--- Supplied records ---

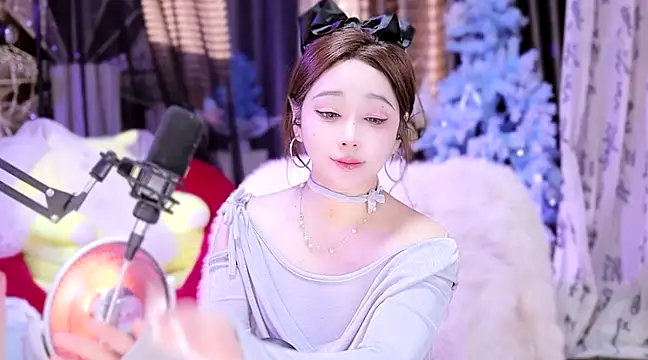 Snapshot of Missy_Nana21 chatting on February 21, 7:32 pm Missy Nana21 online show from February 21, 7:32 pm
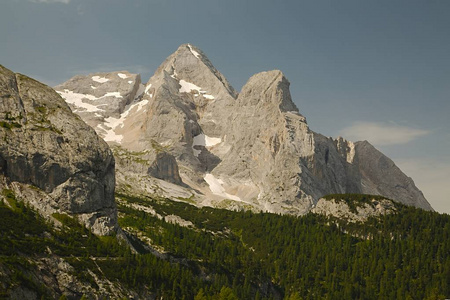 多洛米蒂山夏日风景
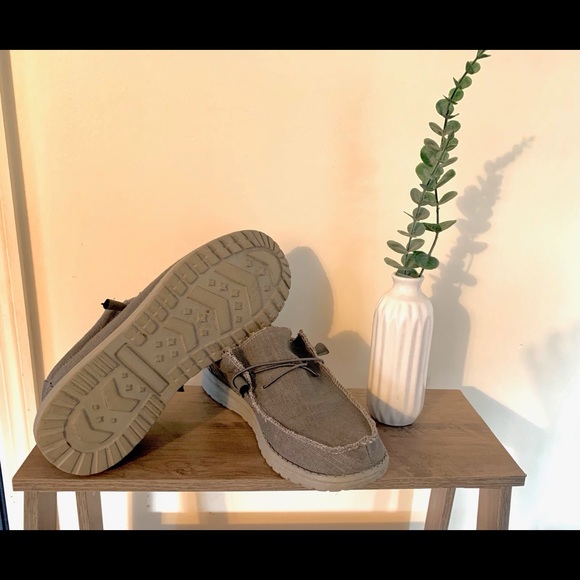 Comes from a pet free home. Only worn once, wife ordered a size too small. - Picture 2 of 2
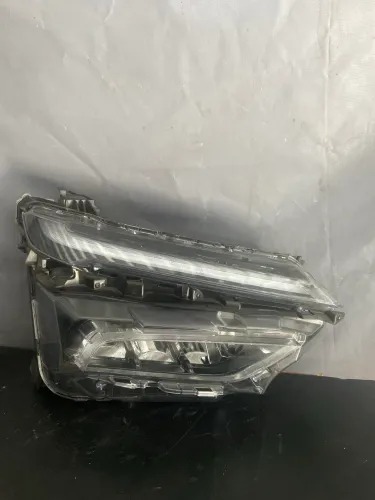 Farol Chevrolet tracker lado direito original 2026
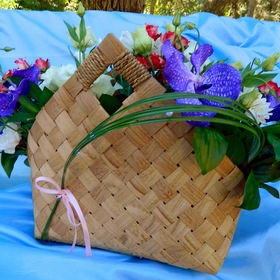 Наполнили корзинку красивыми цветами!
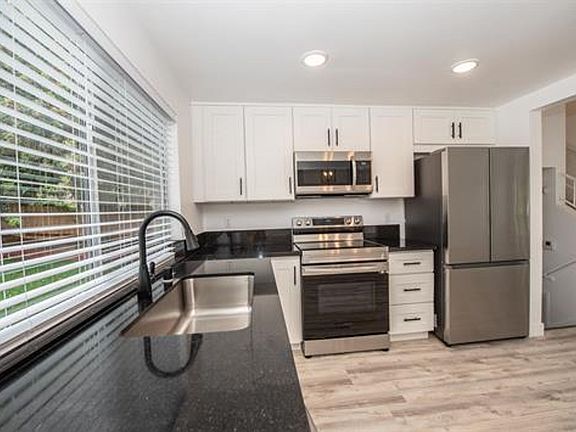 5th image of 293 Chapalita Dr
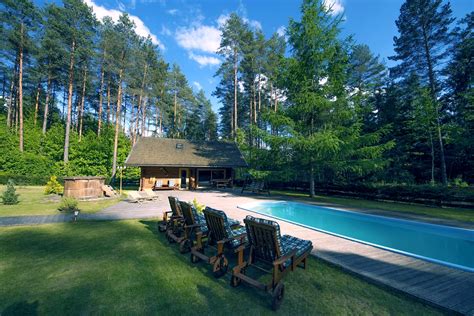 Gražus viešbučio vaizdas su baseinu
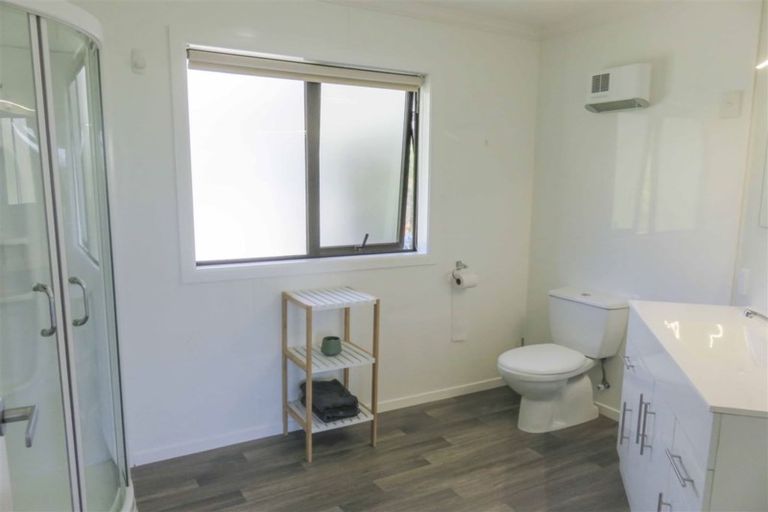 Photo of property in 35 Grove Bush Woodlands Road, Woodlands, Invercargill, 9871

---

- [Goal of the exercise] Word for word, restate the records above and drop the pictures.

- [Problem solution]
 Snapshot of Missy_Nana21 chatting on February 21, 7:32 pm Missy Nana21 online show from February 21, 7:32 pm
 多洛米蒂山夏日风景
 Comes from a pet free home. Only worn once, wife ordered a size too small. - Picture 2 of 2
 Farol Chevrolet tracker lado direito original 2026
 Наполнили корзинку красивыми цветами!
 5th image of 293 Chapalita Dr
 Gražus viešbučio vaizdas su baseinu
 Photo of property in 35 Grove Bush Woodlands Road, Woodlands, Invercargill, 9871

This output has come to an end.